═══ RECORDS TO PROCESS ═══
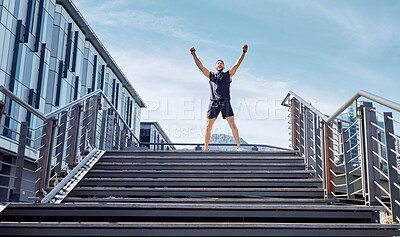 Buy stock photo Low angle shot of a sporty young man cheering at the top of a staircase while exercising outdoors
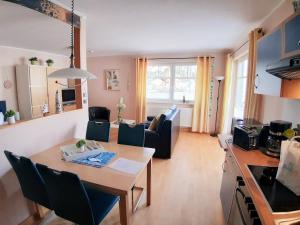 eine Küche und ein Wohnzimmer mit einem Tisch und Stühlen in der Unterkunft Ostseestrand in Juliusruh
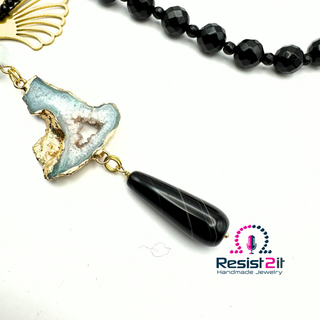 Collier Ocean Midnight détail du pendentif allongé et son élément ajouré doré.
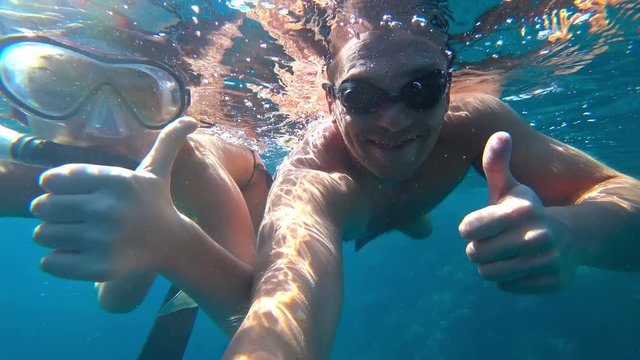 father and daughter and snorkeling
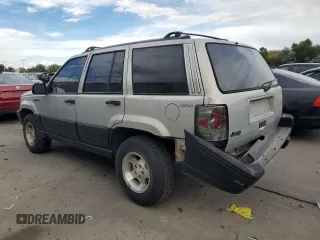 1995 Jeep Grand Cherokee Laredo with VIN 1J4GZ58S2SC703196, listed as a Copart auction lot 68571944 with 264,876 mi miles and Clean Title. Bid and sale history available at carsss.com. Image 2.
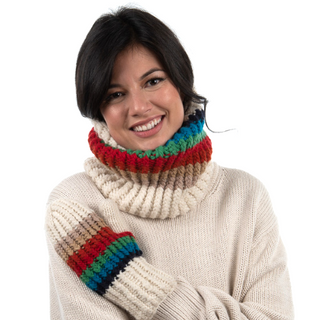 A woman with short black hair wearing a cream-colored sweater and a colorful, handmade in Nepal Hi Fidelity Neckwarmer smiles at the camera.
═══
An exact copy of all entries is needed, with no pictures in it.

- WORKED SOLUTION
 Buy stock photo Low angle shot of a sporty young man cheering at the top of a staircase while exercising outdoors
 eine Küche und ein Wohnzimmer mit einem Tisch und Stühlen in der Unterkunft Ostseestrand in Juliusruh
 Collier Ocean Midnight détail du pendentif allongé et son élément ajouré doré.
 father and daughter and snorkeling
 1995 Jeep Grand Cherokee Laredo with VIN 1J4GZ58S2SC703196, listed as a Copart auction lot 68571944 with 264,876 mi miles and Clean Title. Bid and sale history available at carsss.com. Image 2.
 A woman with short black hair wearing a cream-colored sweater and a colorful, handmade in Nepal Hi Fidelity Neckwarmer smiles at the camera.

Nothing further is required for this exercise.